Well, here it is at the end of 2007 (Happy New Year, everybody!). I had some time over the last couple of days to ponder if there might be a root cause why many of us who confront an airport more than occasionally have fundamental issues with the way our government is "screening" us. Many with legal credentials have offered chapter & verse one way or the other. Those of us with zero legal education (just life experiences) and some level of aged discernment have offered hunches and gut-level perspectives.

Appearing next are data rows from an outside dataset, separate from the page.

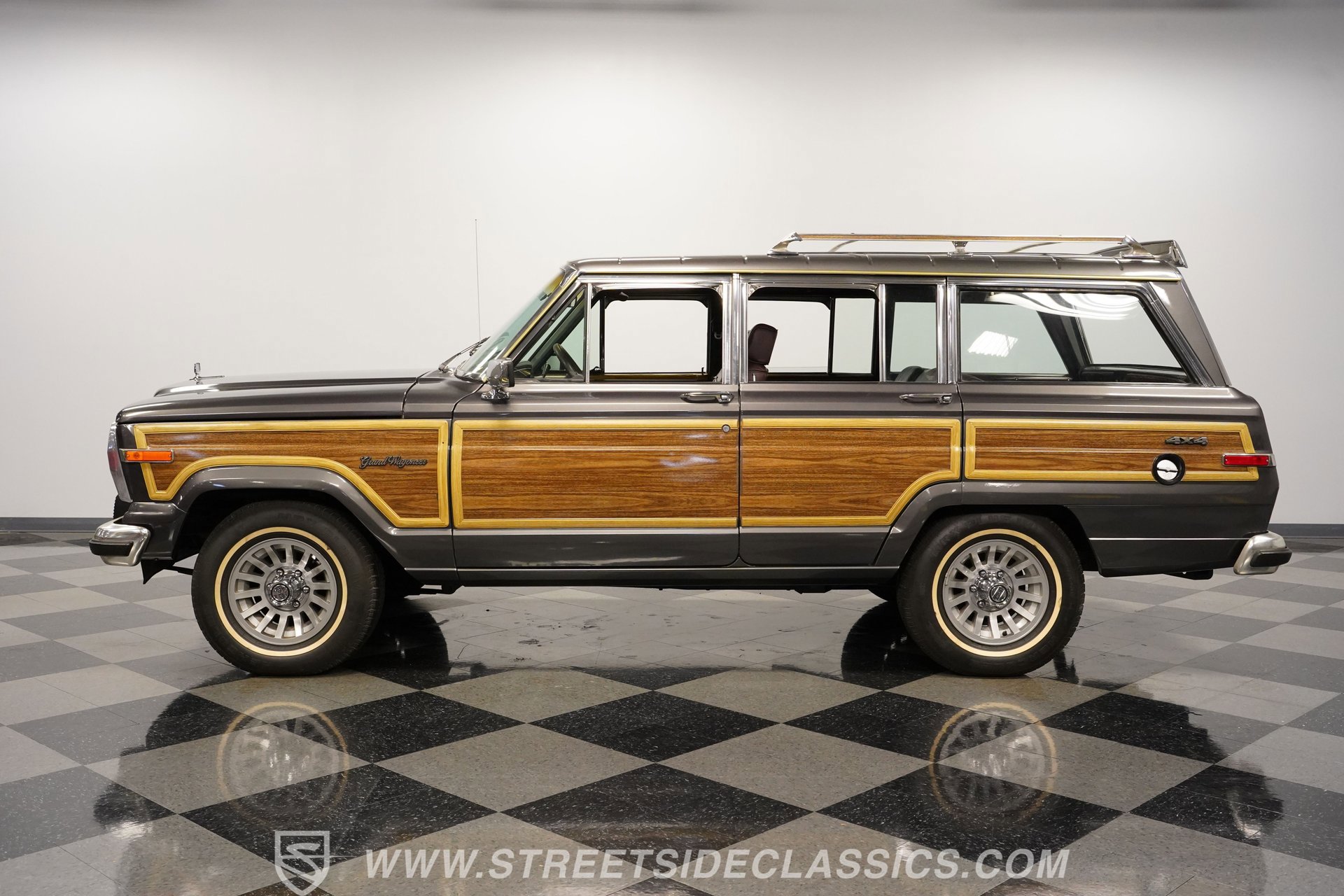 Used 1988 Jeep Grand Wagoneer image 7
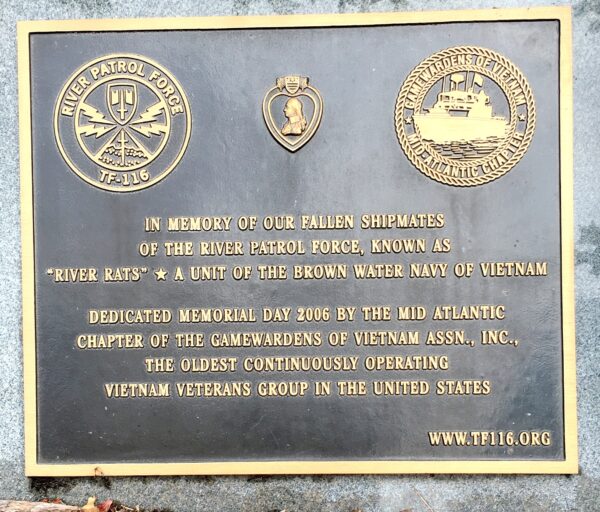 “RIVER RAT” FALLEN SHIPMATES MEMORIAL PLAQUE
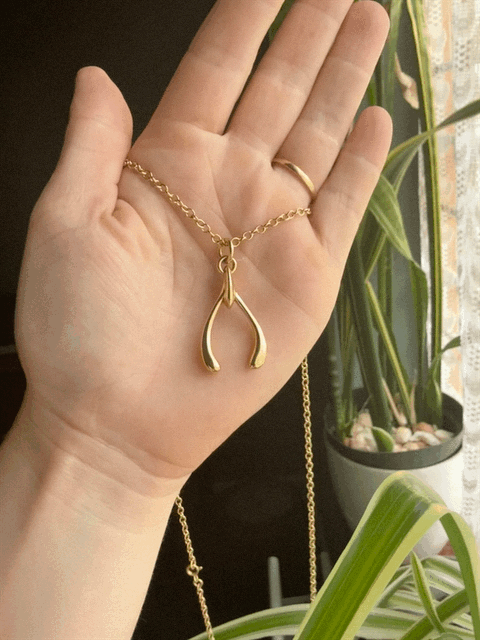 18ct Heavy Wishbone Pendant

On a purely objective level (sincerely), I'd like to toss out something for us to think about and perhaps debate from a policy perspective as much as a legal one. I admit I had help from a lawyer friend that will become apparent later on. OK, here goes...

I was thinking the other day about comparing what goes on at an airport to the long-accepted practice of a "Terry Stop." Actually, I'd make the argument that the DHS/TSA version of a "Terry Stop" occurs as soon as we attempt to buy a ticket.

OK -- the first thing I did was to make sure I understood exactly what a Terry Stop was. So, rather than look up a legal definition, I found training materials from the Federal Law Enforcement Training Center, owned & operated by none other than the DHS itself. Regardless of what the law says, here is what TSA screeners are presumably taught about this subject (Bolding is mine.) [FLETC Web Site:

Solari (This person is the instructor talking per the iPod transcript): Okay. Lets start with Terry Stops. A Terry Stop, as you know, is an investigative detention of a suspect. We can conduct one with reasonable suspicion that criminal activities is a foot. An agent can stop a suspect and investigate that person for a reasonable period of time. And, even though thats not a formal arrest, it is a seizure. The suspects not free to leave during that Terry Stop. The agents going to control that stop and can even use reasonable force to stop the suspect and keep him there while the agent does his investigation.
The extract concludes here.